Drug convictions can reduce college student aid
A drug offense conviction can reduce your chances of getting a job, obtaining housing and paying for a higher education. Being convicted before seeking financial aid or while you are in college can impact your ability to obtain grants, loans and work-study opportunities.
College financial aid eligibility depends on your current situation relating to any drug possession or trafficking conviction. A person currently serving time for a drug conviction is ineligible for a federal Pell Grant or federal student loan.
Federal Supplemental Educational Opportunity Grant and work study opportunities are also limited. After release, most restriction are removed. Eligibility is also restricted by convictions that arose when a student is receiving for financial aid.
Applicants completing a Free Application for Federal Student Financial Aid must answer questions on whether they were ever convicted of a drug-related crime while they were receiving federal financial aid. Applicants who answer affirmatively have to complete a worksheet used by the federal government to evaluate financial aid eligibility.

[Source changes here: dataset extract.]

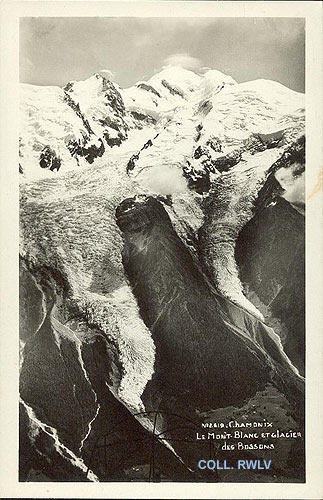 Chamonix le Mont Blanc et glacier des Bossons c1930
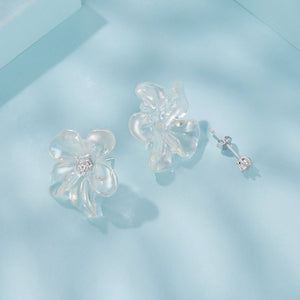 925 Sterling Silver Earrings with Pavé Setting CZ and Resin, 2.5x2.1cm for Women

** Aid ineligibility depends on the type of conviction and whether there were other earlier offenses. The periods of ineligibility for conviction of possessing illegal drugs are:
- One year for first offense
- Two years for second offense
- Indefinitely for third offense
The ineligibility periods for convictions of selling illegal drugs are:
- Two years for first offense
- Indefinitely for second and subsequent convictions
** Eligibility for federal grants and student loans will be suspended for at least one year after conviction of a drug crime while receiving financial aid. Periods of ineligibility depend on the crime and type of conviction.
Students, however, may become eligible quicker by completing an approved drug rehabilitation program or passing two surprise drug tests administered by an approved drug rehabilitation program. A conviction that is overturned or deleted from a student’s record does not impact federal aid eligibility. Juvenile convictions do not affect eligibility unless the student was tried as an adult.
Attorneys can assist students facing these and other consequences for drug offenses. They can help provide a legal defense and protect their rights.